Artralgia biasa melibatkan sendi-sendi yang besar. Penanda peradangan akut pada
pemeriksaan darah umumnya tidak spesifik, yaitu LED dan CRP umumnya
meningkat pada rheumatic fever. Pemeriksaan dapat digunakan untuk menilai
perkembangan penyakit. 12
c. Pemeriksaan Penunjang
Adapun beberapa pemeriksaan penunjang yang dapat digunakan untuk
mendukung diagnosis dari rheumatic fever dan rheumatic heart disease adalah :
a. Pemeriksaan Laboratorium
- Reaktan Fase Akut
Merupakan uji yang menggambarkan radang jantung ringan. Pada
pemeriksaan darah lengkap, dapat ditemukan leukosistosis terutama pada fase
akut/aktif, namun sifatnya tidak spesifik. Marker inflamasi akut berupa C-
reactive protein (CRP) dan laju endap darah (LED). Peningkatan laju endap
darah merupakan bukti non spesifik untuk penyakit yang aktif. Pada
rheumatic fever terjadi peningkatan LED, namun normal pada pasien dengan
congestive failure atau meningkat pada anemia. CRP merupakan indikator
dalam menetukan adanya jaringan radang dan tingkat aktivitas penyakit. CRP
yang abnormal digunakan dalam diagnosis rheumatic fever aktif. 8
- Rapid Test Antigen Streptococcus
Pemeriksaan ini dapat mendeteksi antigen bakteri Streptococcus grup A
secara tepat dengan spesifisitas 95 % dan sensitivitas 60-90 %.4
- Pemeriksaan Antibodi Antistreptokokus
Kadar titer antibodi antistreptokokus mencapai puncak ketika gejala klinis
rheumatic fever muncul. Tes antibodi antistreptokokus yang biasa digunakan
adalah antistreptolisin O/ASTO dan antideoxyribonuklease B/anti DNase B.

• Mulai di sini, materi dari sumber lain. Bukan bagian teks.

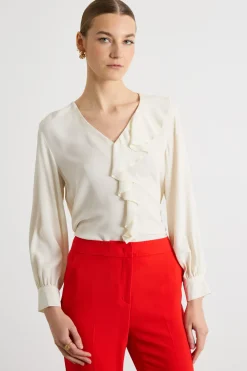 Blusa con volant - Bianco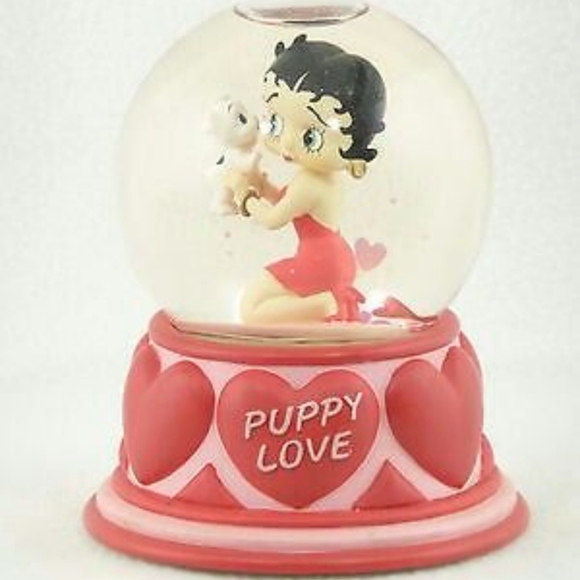 Music Box Co. Betty Boop Puppy Love Snow Globe - Picture 1 of 4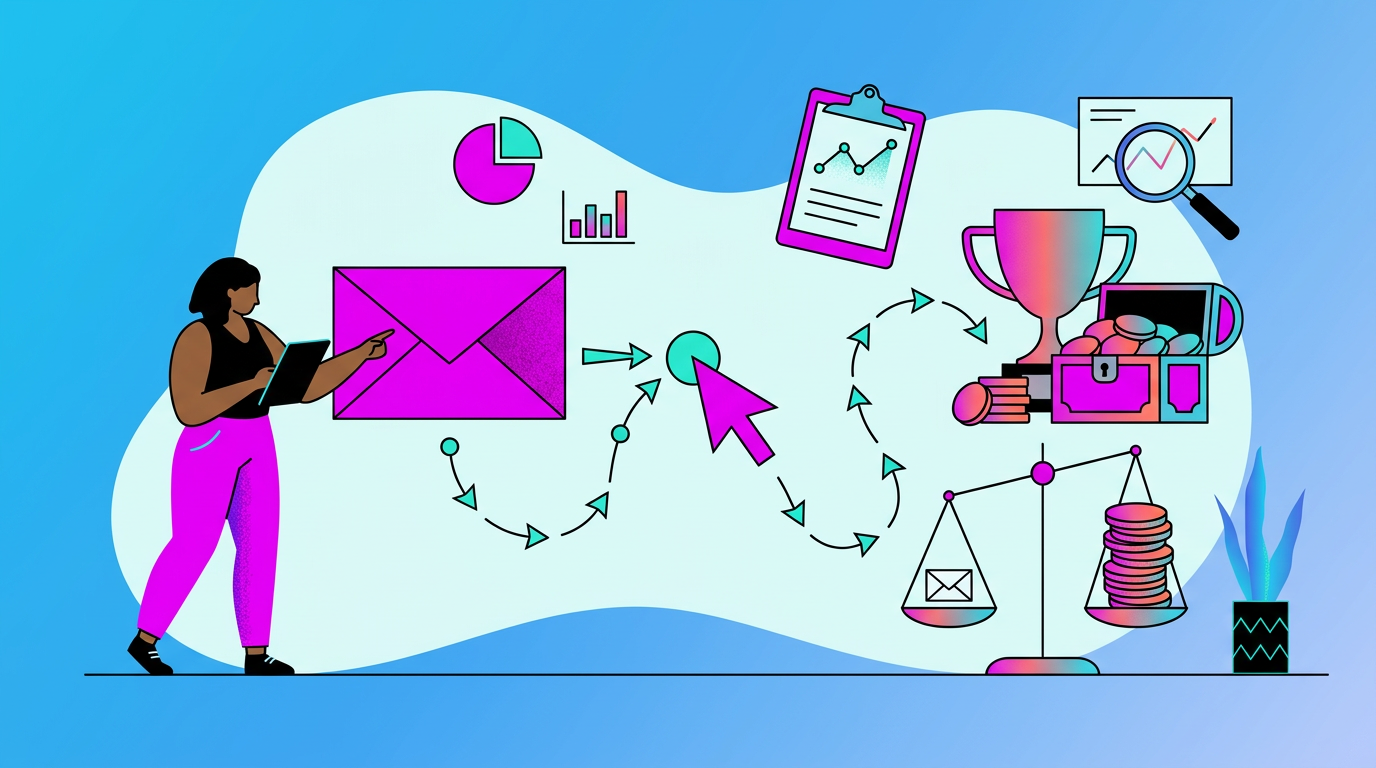 Illustration Of A Person With A Laptop Surrounded By Icons Representing Roi, Email, Analytics, Charts, A Trophy, Scales, And Coins On A Blue Background.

Pemeriksaan ASTO dilakukan terlebih dahulu, jika tidak terjadi peningkatan
akan dilakukan pemeriksaan anti DNase B. Titer ASTO biasanya mulai
meningkat pada minggu 1, dan mencapai puncak minggu ke 3-6 setelah
infeksi. Titer ASO naik > 333 unit pada anak-anak, dan > 250 unit pada
dewasa. Sedangkan anti-DNase B mulai meningkat minggu 1-2 dan mencapai
puncak minggu ke 6-8. Nilai normal titer anti-DNase B= 1: 60 unit pada anak
prasekolah dan 1 : 480 unit anak usia sekolah. 4
- Kultur tenggorok
Pemeriksaan kultur tenggorokan untuk mengetahui ada tidaknya
streptococcus beta hemolitikus grup A. Pemeriksaan ini sebaiknya dilakukan
sebelum pemberian antibiotik. Kultur ini umumnya negatif bila gejala
rheumatic fever atau rheumatic heart disease mulai muncul.4
b. Pemeriksaan Radiologi dan Pemeriksaan Elektrokardiografi
Pada pemeriksaan radiologi dapat mendeteksi adanya kardiomegali dan
kongesti pulmonal sebagai tanda adanya gagal jantung kronik pada karditis.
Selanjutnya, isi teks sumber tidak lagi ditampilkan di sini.